As a pupil at Trinity College, Richard Crosbie led the notorious gang, Pinking Dindies on the rampage through the streets of Dublin. Many of them connected with Trinity College, became notorious for extorting and roughing up brothel-keepers, gamblers and ‘single men and citizens who neither wore fine clothes nor swords’.
Using a hydrogen balloon Crosbie began his flight from Ranelagh Gardens, Dublin. He made the flight 14 months after the Montgolfier brothers made the world’s first ever manned flight in France.

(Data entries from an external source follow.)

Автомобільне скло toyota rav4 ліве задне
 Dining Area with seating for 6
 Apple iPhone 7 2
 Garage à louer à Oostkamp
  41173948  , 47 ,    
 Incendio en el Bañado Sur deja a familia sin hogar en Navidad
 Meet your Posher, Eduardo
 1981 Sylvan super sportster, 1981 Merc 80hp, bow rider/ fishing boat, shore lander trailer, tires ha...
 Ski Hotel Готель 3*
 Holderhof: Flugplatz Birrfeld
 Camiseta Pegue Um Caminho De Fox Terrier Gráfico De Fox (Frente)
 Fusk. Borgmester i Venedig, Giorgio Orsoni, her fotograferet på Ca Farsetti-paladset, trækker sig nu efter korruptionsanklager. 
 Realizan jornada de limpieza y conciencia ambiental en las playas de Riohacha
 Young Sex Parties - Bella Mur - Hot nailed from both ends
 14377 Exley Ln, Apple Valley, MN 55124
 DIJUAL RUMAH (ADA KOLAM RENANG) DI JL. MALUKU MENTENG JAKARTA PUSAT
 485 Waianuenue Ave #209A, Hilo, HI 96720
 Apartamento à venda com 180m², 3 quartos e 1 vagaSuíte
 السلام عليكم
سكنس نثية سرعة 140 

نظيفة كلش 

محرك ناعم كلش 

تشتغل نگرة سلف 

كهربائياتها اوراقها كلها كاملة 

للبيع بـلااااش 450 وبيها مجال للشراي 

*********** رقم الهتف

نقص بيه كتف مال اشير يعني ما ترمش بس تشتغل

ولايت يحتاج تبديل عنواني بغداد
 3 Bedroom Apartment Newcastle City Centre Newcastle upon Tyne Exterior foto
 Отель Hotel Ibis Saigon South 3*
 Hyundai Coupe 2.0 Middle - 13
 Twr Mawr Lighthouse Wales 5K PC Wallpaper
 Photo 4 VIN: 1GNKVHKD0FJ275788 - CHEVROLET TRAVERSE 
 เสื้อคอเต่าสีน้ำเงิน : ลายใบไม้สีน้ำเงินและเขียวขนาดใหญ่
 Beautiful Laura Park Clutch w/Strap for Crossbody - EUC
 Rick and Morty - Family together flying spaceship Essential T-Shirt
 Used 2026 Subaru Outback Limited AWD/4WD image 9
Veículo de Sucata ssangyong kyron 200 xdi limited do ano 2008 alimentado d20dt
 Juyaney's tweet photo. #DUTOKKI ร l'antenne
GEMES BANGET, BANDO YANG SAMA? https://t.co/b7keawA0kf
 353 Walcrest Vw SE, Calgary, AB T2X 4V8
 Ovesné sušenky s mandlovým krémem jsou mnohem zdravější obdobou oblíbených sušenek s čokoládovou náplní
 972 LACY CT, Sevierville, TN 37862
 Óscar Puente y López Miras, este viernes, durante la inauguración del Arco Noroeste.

In preparation for his first flight Crosbie used a tethered balloon to send up various animals over a period of several days. Finally he launched a free flight with a cat on board. The flight, which was reported over Scotland on the same day, eventually descended near the Isle of Man. The cat and the balloon were recovered by a passing ship.
For his own flight, it was Crosbie’s intention to cross the Irish Sea in his ‘Grand Air Balloon and Flying Barge’ painted with the Arms of Ireland. News of the flight caused great public excitement and attracted widespread publicity. A crowd of over 20,000 assembled in Ranelagh Gardens on the south side of Dublin city to witness the take-off of the first human flight in Ireland.
With the balloon fully inflated, lift-off was achieved around 2.40pm. A report from the time said: ‘he mounted awfully majestic, while the air resounded with the shouts, the prayers and the admiration of the delighted multitude’. Ten minutes after take-off Crosbie brought the balloon down safely near Clontarf on the north side of Dublin.
Crosbie made several other flights in Ireland and America. In July 1785 in an attempt to cross the Irish Sea bad weather forced him to land in the sea within sight of the Welsh coast. Crosbie became famous in Ireland and abroad for his aeronautical exploits.
Photo: A memorial was unveiled to him in Ranelagh Gardens, Dublin on 28 September 2008.